Are You Ready for Some Sesquicentennial?

It may end up seeming as long as the Civil War itself.  We are warming up for the extended observance of the 150th anniversary of the War Between the States. (“Celebration” seems the wrong word when talking of an event that killed 600,000 Americans.) 

Today my gastroenterologist — yes, I have one, don’t you? — engaged me in a lively exchange concerning the Washington Post’s section in its Sunday paper about the Civil War Sesquicentennial.  The opening issue provided a listing of the war’s leading characters, which listed Stonewall Jackson before Robert E. Lee, and Walt Whitman several spaces ahead of William T. Sherman.  Refresh me:  which battles did General Whitman win?

Ah, politically correct comes to the Civil War.  Or is it just the Post’s ongoing, and increasingly poignant, loss of mojo?

The New York Times is devoting even more energy to covering the past.  Every week for the next 4+ years, the Times will feature a roundup of the leading events of the Civil War 150 years before, along with analyses and interpretations of what it all meant.  (Their exit polling for the 1860 balloting for president was eerily accurate, predicting that Lincoln would won!)

It seems the newspapers are fed up with being the “first rough draft of history.”  Now they’re going to try to be the last draft, too.  Maybe they’ll start getting things right?  At least they should get sued a lot less, since all of the key players are dead.

Grand Review of the Armies.jpg

This image allows you to peek ahead to the end of the war, as it depicts the Grand Review of the Armies held in Washington, DC in May 1865 in honor of the Union victory.  But no more peeking.  It will be four and one-half long years before we get there.
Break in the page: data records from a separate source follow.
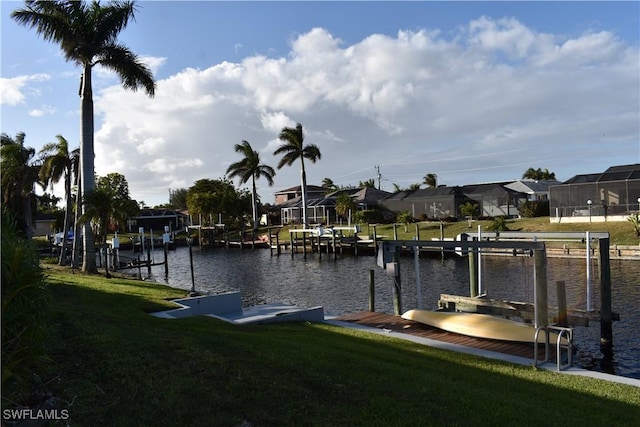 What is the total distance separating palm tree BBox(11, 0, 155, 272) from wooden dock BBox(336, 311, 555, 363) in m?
14.9

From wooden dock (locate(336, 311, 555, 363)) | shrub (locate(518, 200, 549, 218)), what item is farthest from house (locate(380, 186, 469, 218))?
wooden dock (locate(336, 311, 555, 363))

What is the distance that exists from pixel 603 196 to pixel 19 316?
43970 mm

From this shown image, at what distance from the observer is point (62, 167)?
33.7 m

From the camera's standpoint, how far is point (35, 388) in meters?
→ 5.06

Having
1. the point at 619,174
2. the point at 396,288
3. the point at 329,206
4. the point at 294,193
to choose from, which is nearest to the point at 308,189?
the point at 294,193

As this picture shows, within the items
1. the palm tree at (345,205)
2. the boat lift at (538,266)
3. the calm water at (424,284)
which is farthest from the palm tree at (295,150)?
the boat lift at (538,266)

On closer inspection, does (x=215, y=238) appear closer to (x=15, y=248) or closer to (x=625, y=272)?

Until then, the Virginia Sesquicentennial Commission aims to use this commemoration to bulk up the Old Dominion’s tourism industry.  They’ve also got items for you to buy, including books, lapel pins, and DVDs, and conferences for you to attend.  Because, although “Virginia is for Lovers,” it also has more Civil War battlefields than any other state!

There’s a lot of upcoming events to get excited about, but I have certainly circled the date of April 12 in Charleston, South Carolina, the anniversary of the shelling of Fort Sumter.  At 4 a.m. — yep, that’s not a typo — there will be a candlelight sunrise concert in White Point Gardens by the Charleston Symphony’s Brass Ensemble, to help us all remember the beginning of this vicious bloodletting that was begun by millions of Americans who insisted on the right to keep other millions of Americans as slaves. 

Time will tell whether the excitement over the sesquicentennial turns out to be real, or just a fantasy of some marketing people.  My bet is that it will turn out to be real.  Last night I spend a couple of hours with a Civil War book club at a local Barnes & Noble, talking about my book, Impeached.  There were about15 lively, engaged people there who knew a good deal of history and had read my book.  Not too shabby.  The Civil War just has an endless power to fascinate.

So no more snarky remarks from me about the Sesquicentennial.  Let’s go remember the brave and sometime appalling things that our forefathers did, and ponder what life was like then and how it shaped our lives now.  And if that involves buying a book or two along the way, what’s the harm?